Kurdish editor sentenced to one year in jail

New York, October 19, 2005
—The Committee to Protect Journalists condemns the one-year prison sentence given to Kurdish journalist and human rights activist Mohammad Sadiq Kabudvand by an Iranian court.

The court declared Kabudvand, managing editor of the bilingual Kurdish and Farsi Payam Mardom Kordestan, guilty of “inciting the population to rebel against the central state,” according to the Italian news Web site Adnkronos International (AKI) and CPJ sources. The court in the western city of Sanandaj reached the ruling on August 18, 2005, but has only now announced it. Kabudvand has not yet been taken into custody and is preparing to appeal.

AKI reported that Kabudvand published articles in his weekly newspaper about torture in Iranian jails, and advocated a federal system of government for the Islamic republic. Kabudvand, was appointed secretary of the Kurdistan Organization for the Defense of Human Rights on April 9.

Over the past five years, the judiciary has closed more than 100 publications, most of them reformist, on vague charges of insult and blasphemy, CPJ research shows.

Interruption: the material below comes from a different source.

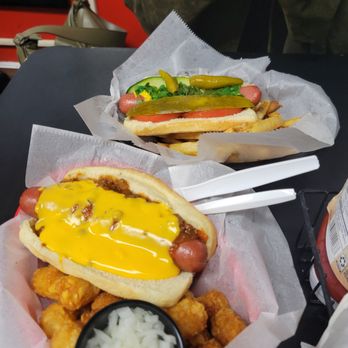 Flub A Dub Chub's - Hot Dogs Near Me - Chicago, Illinois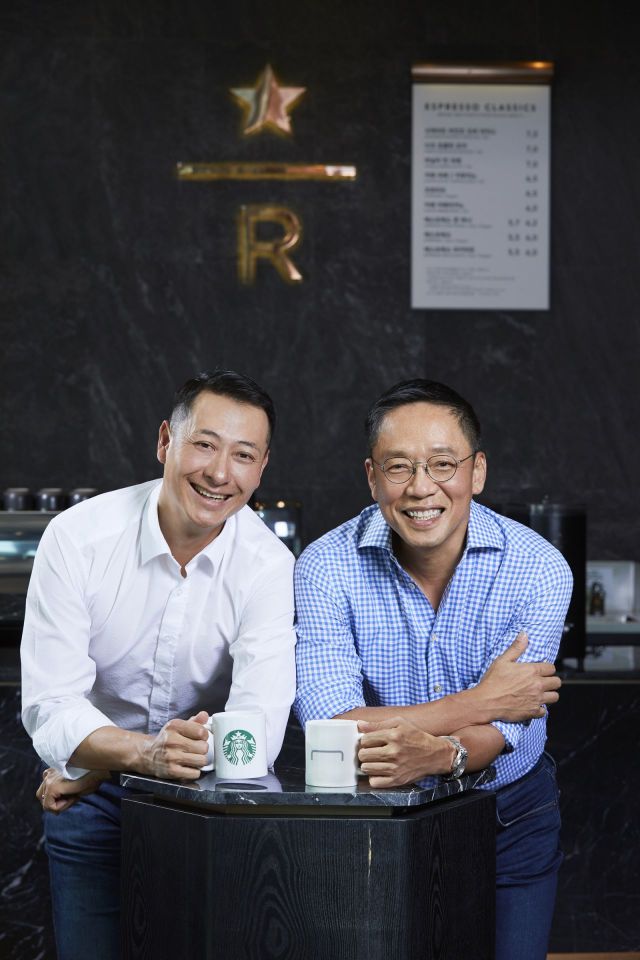 정태영, 이번엔 스타벅스와 의기투합…현대카드, 스벅 전용 카드 출시(종합)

Iranian courts continue to pressure dissident journalists summoning them for questioning and launching new criminal suits against them. Journalist Akbar Ganji remains jailed, in addition to many political dissidents and activists who were detained in the broader campaign to silence critics. Dozens of prosecutions are pending in the courts.

“The conviction of Mohammad Sadiq Kabudvand represents yet another blatant violation of press freedom in Iran,” CPJ Executive Director Ann Cooper said. “We call for the immediate and unconditional release of all Iranian journalists who have been unjustly imprisoned for practicing their profession.”